Hasson Freres was originally established at Luputa in Kasai Province in 1936 by Leon Hasson, part of a diaspora of several thousand Sephardic Jews who operated retail, wholesale and industrial businesses from Leopoldville, across the Kasai to Elisabethville and throughout eastern Congo. In 1946, Hasson moved to Leopoldville and opened Au Chic, one of the first stores in the capital to serve both European and Congolese customers (See Mar. 19, 2011).  Primarily engaged in commercial activities serving the Congolese market, the firm weathered the “Pillages” of the 1990s and in 2005, as Hasson Africa, the reopened the old Sedec property on Ave. des Aviateurs.  Interestingly, the company sought to develop the store as a mall, with a number of private vendors, including SOGENAC (formerly Jules Van Lancker cattle ranch located at Kolo in Kongo Central), La Petite Epicerie for fresh produce, as well as a series of boutiques and cafes on the mezzanine, including Cosmopolite, Restaurant Zamani and Le Petit Café.

Cafe Mozart.
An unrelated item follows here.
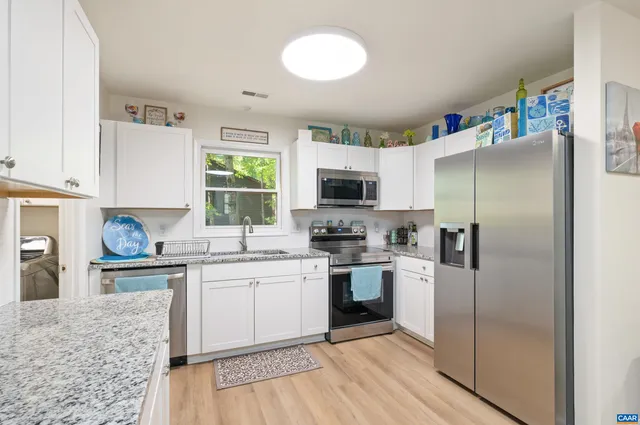 a kitchen with stainless steel appliances granite countertop white cabinets a sink a stove a microwave and wooden floors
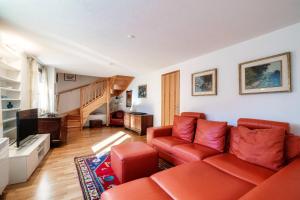 a living room with a red couch and a staircase at Chalet Nucleo 12 by Quokka 360 - Alpine Base for Bouldering Adventures in Leventina in Chironico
Note mezzanine level and skylight above.
Zamani Restaurant on the upper level.
Le Petit Cafe has a daily Congolese menu for $10.
Within the last year, the old SECLI store, operating as Le Chateau restaurant in the 1980s, was demolished and Hasson Freres acquired the space to expand storage facilities for the main complex.  At the beginning of September, another Hasson Freres tenant opened “Le Pergola” in the narrow space along Ave. des Aviateurs opposite the US Embassy.  The restaurant offers sandwiches and salads and a playground for kids and cages along the wall with rabbits and parrots. The name “Pergola” brought to mind among old timers a popular restaurant of the 1960s on the Boulevard where the BCDC bank tower is today (See June 28, 2011).  The proprietor knows about the former Pergola, “I’ve been told about it”, but did not seem particularly interested or curious.  She has her own marketing to do and it is focused on youth and their parents, not the past.
Le Chateau in the mid-2000s, no longer a restaurant.
The new Pergola with Sozacom Building in background.
The Pergola restaurant, dining al fresco.
Blvd. du 30 Juin. The earlier Pergola to the right of the apartment building.
The loss of colonial era structures is a complicated issue considering that Congolese do not have a strong affinity for the relics of the era, market demand for developable properties in Gombe Commune is huge and there is no regulatory preservation framework in place.  Nor is the general public consulted or even aware of an owner’s business decision to demolish a structure that might have historical or architectural importance. It is not my place as a guest in the country to advocate for a preservationist agenda, so until an opportunity presents itself, I must content myself with documenting the past through this blog or prefacing a stop on a historical and architectural tour with, “on this site once stood…”

Sources:

  • VanPeel, Benedicte, 2001. “Au Debuts de Football Congolais”. in “Itineraires croises de la modernite: Congo Belge, 1920-1950”, Institut Africain CEDAF.